When she has time, Haimovitz likes to work with kids, since she can teach them basic lessons. “It helps them develop new healthy habits and develops an appreciation for it,” she says. Haimovitz and her team at Butter Burger often give kids three meals a day: lunch, dinner and dessert. They look at what they eat, what they drink and what they exercise and learn to integrate all those aspects into the natural world of nutrients in the food they eat.

Haimovitz says that if families are willing to work on the nutrition of what they eat at home, it can set the stage for a more successful diet later on. It doesn’t matter if your kid is eating five or 10 servings of fruit a day or 10 servings of veggies, the point is to make them eat healthy. “All those little changes lead to bigger changes,” she says.

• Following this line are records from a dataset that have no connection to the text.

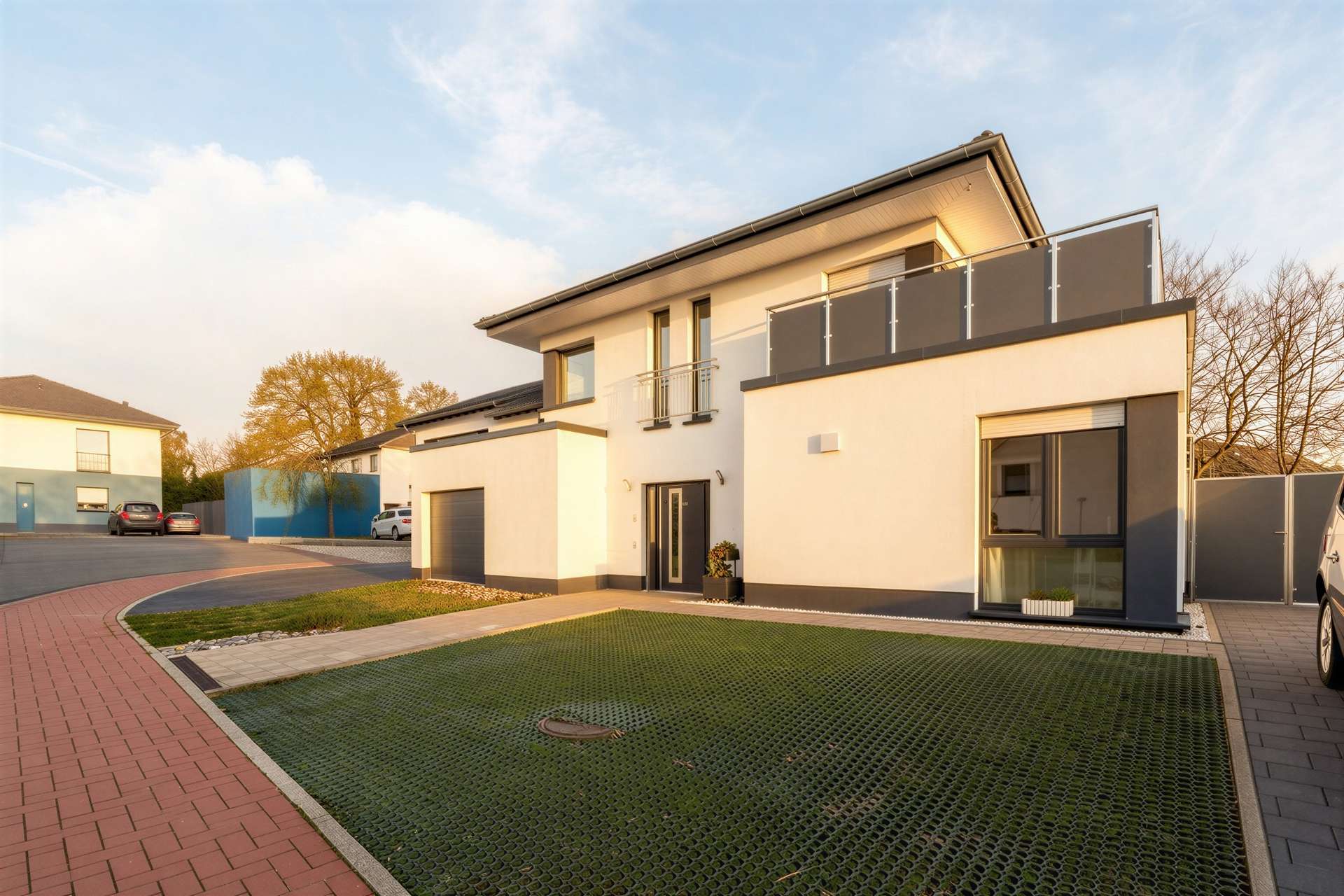 Hochwertige Villa aus 2017 mit Einliegerwohnung, Wellnessbereich und großzügigem Wohnkonzept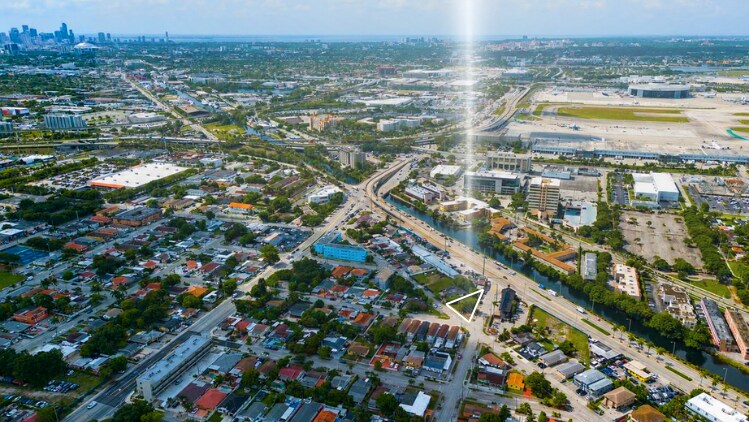 699 E Okeechobee Rd, Hialeah, FL for sale Primary Photo- Image 1 of 11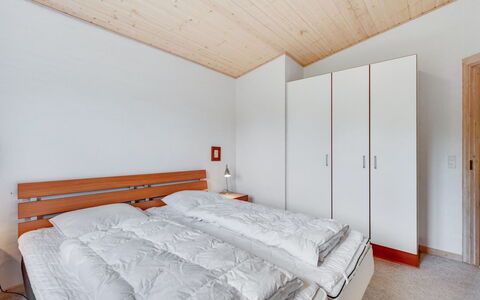 Rika - 525M to the Fjord: Diseño De Interiores, Madera, Techo, Piso, Habitación, Cama, Suelo, Habitación, Mueble, Suelos De Madera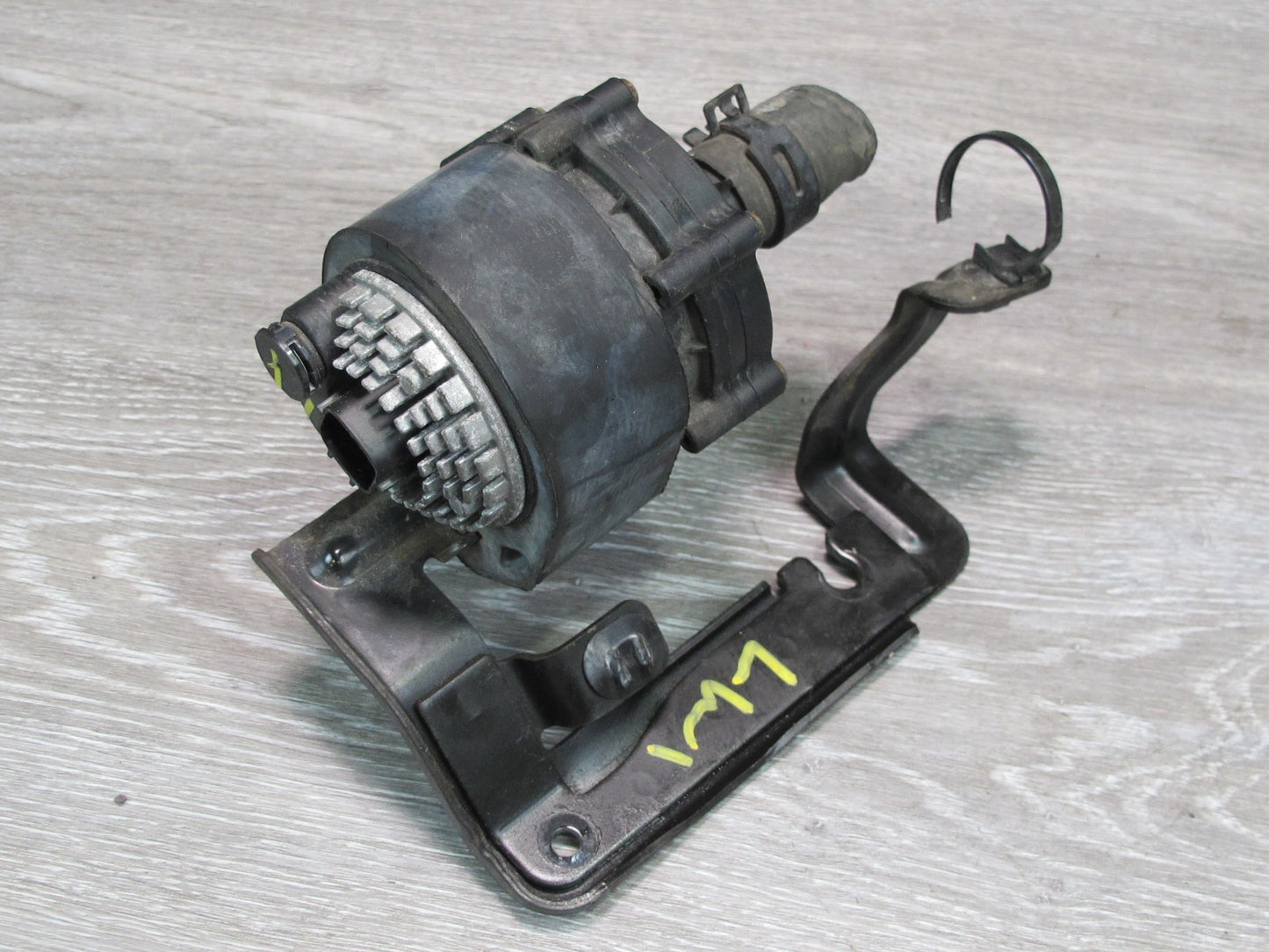 2014-2017 Infiniti QX60 2.5L Hybrid Engine Auxiliary AUX Cooling Water Pump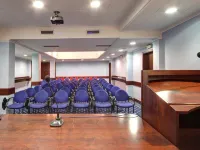 Hotel Mythos Hotel dekat Stasiun Kereta Bawah Tanah Gioia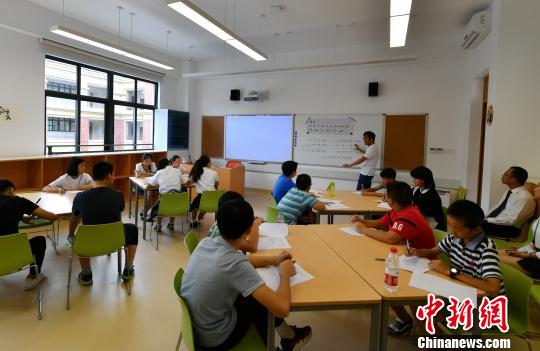 郑振甫正在数学公开课上讲课。 叶秋云 摄 郑振甫正在数学公开课上讲课。 叶秋云 摄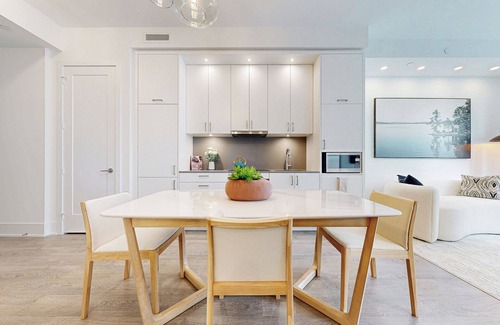 Wellington Place Condo | Furnished residences at The Well - Luxury Modern Finishes, rooftop Pool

Haimovitz is also passionate about harnessing the power of bugs in our food. The bugs Haimovitz loves to cook are ones that have been raised on research farms, like many insects. “When you meet someone who is going into their backyard and they have a collection of sugarcane flies, and they’re sending them off to an experimental farm, that’s food for me,” she says. Because these bugs are hand-taught and her philosophy is that we should treat them as much like animals as possible, Haimovitz makes them into a delicious dish.

The one insect she doesn’t like to cook is the common one, silk worms. They are boring, she says, but the sex organs of these worms are nature’s best cotton candy — “They melt into chocolate,” she says.